Group Claims Responsibility for Pro-Life Messages

We, the members of the Kreisau Group, take full responsibility for the messages written in front of the University Center and Dodson cafeteria. We do not, however, take responsibility for the unfortunate additions, including the one featured on the front page of the Western Carolinian: “Fetus: Its what’s for dinner.” Our messages were intended as a protest to abortion, not as a shock tactic meant to repulse.

We formed, partially, in response to the abortion discussion and video that was shown Tuesday, March 27, “If These Walls Could Talk.”

Our purpose is to represent the millions of children who cannot represent themselves.

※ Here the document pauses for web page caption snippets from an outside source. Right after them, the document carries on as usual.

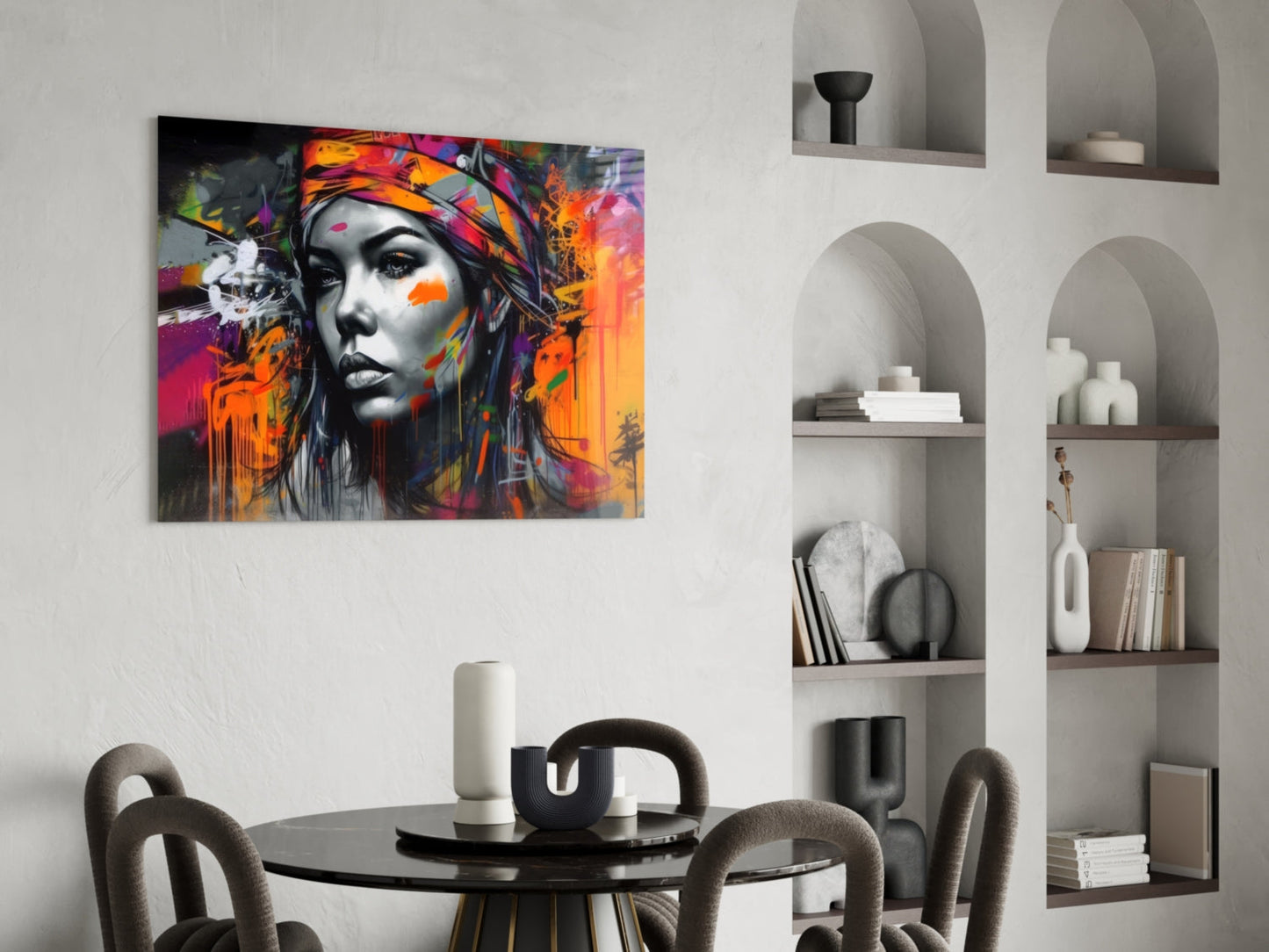 Colorful pop art portrait with black and white face and vibrant orange, pink, and purple paint splatters displayed above a dining table.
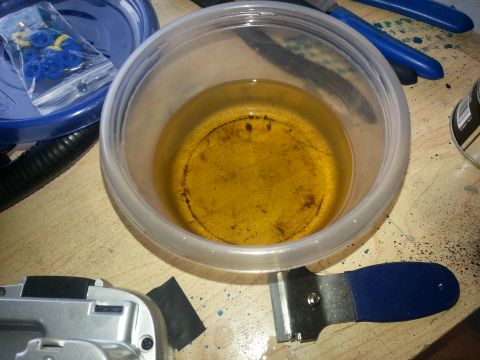 1994 Ford Bronco - Used oil in a plastic container with various tools and parts on a workbench.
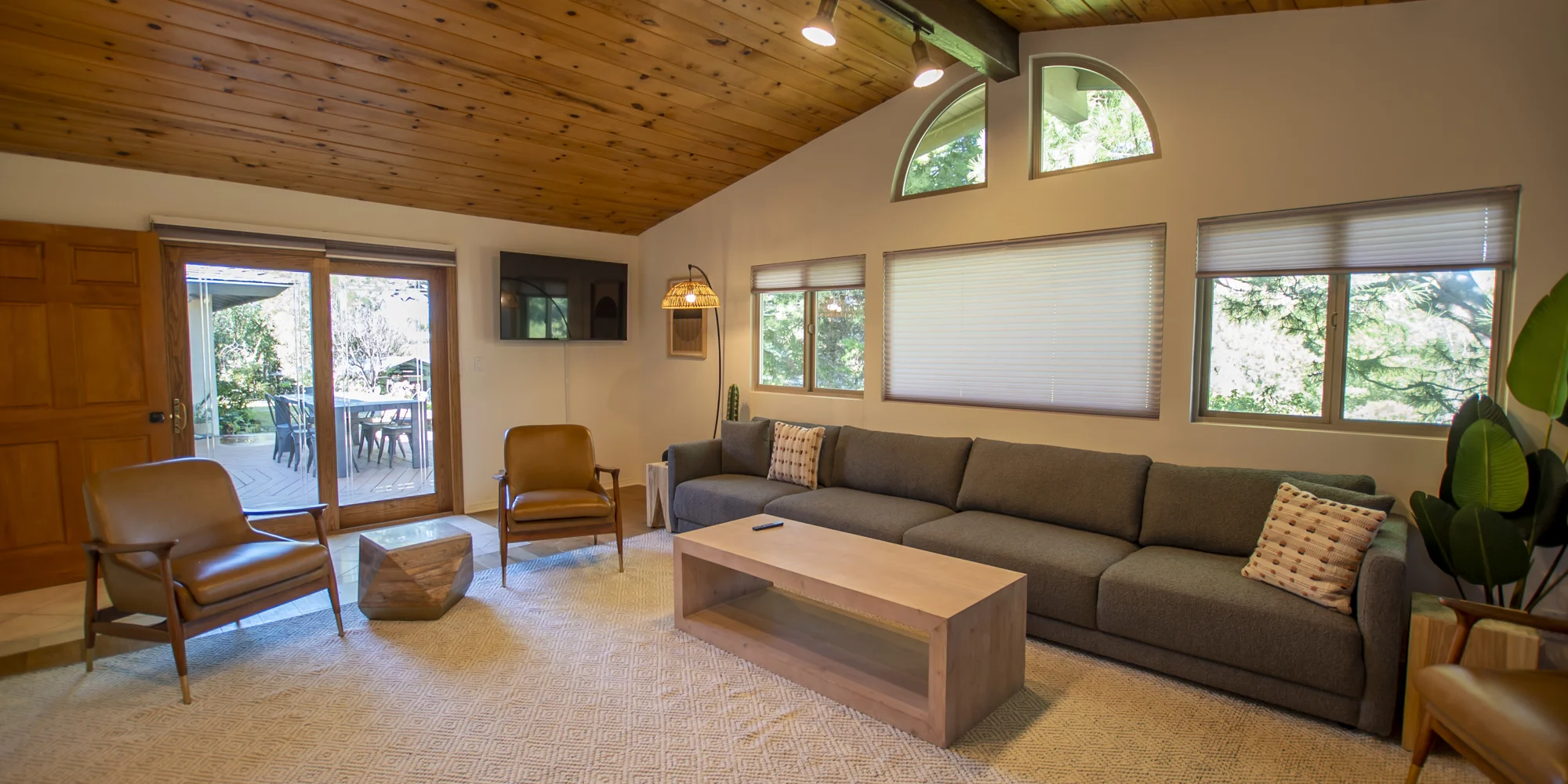 A living room with vaulted ceilings, large windows, and a gray sofa.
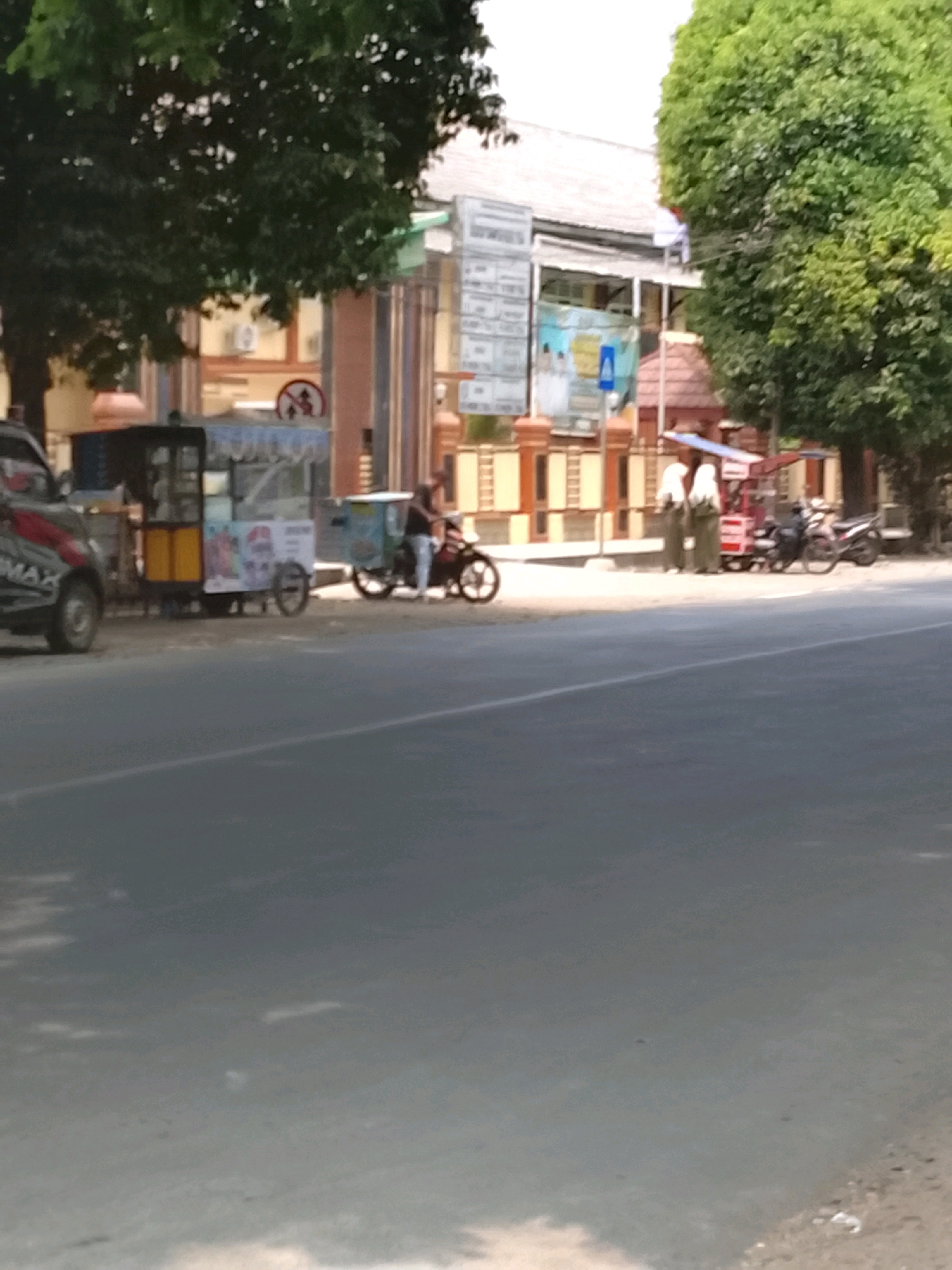 In Slawi, Indonesia, a street scene unfolds under a bright sky. On the left, a parked dark-colored vehicle with red accents is visible, its front tire turned. Adjacent to it is a colorful food cart with yellow paneling and a white top. Further down the street, a person on a motorcycle is stopped near another, smaller food cart. To the right, two individuals in light-colored attire stand near a red stall with a blue awning. Behind them, a white and gray building with a tiled roof is partially obscured by lush green trees. The street itself is paved, with a visible white line marking the lanes. The overall impression is one of a bustling roadside in an Indonesian city.
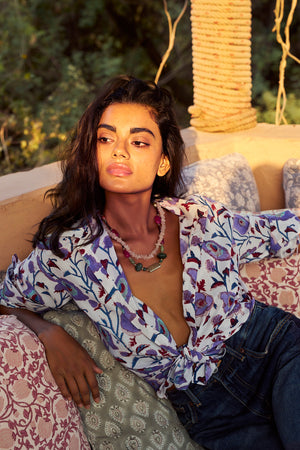 Model wearing the KLEED Lotus White Shirt in 100% cotton, hand block printed with lilac, blue, turquoise and burgundy floral motifs, styled tied at the waist with dark blue denim.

We operate under the dictates of our conscience and the law of God; that we believe is inscribed on the heart of every man.

Our authority is rooted in the very Constitution itself. The preamble to the Constitution states, “We the people of the United States, in Order to form a more perfect Union, establish Justice, insure domestic Tranquility, provide for the common defense, promote the general Welfare, and secure the Blessings of Liberty to ourselves and our Posterity . . .” The definition of posterity, according to the American Heritage dictionary is: future generations, a person’s descendants. Clearly the Constitution protects those yet to be born.

We believe that Americans have been seduced by the drug of convenience. That the importance of the family, and the sanctity of human life has been buried beneath the weight of careless sex and irresponsibility.

We find this no less abhorrent than the holocaust waged against the Jews in Nazi Germany. Americans, through the proclamations made from various media outlets, have accepted abortion as an issue of freedom just as the majority of Germans, under the influence of an intense propaganda campaign, accepted the mass killing of the Jews.

Our purpose is to give a voice to the voiceless. We fight for those who are defenseless and whose blood is on the hands of the silent. As Edmund Burke wrote in the eighteenth century, “The only thing necessary for evil to triumph is for good men to do nothing.”

No longer can we be silent and do nothing.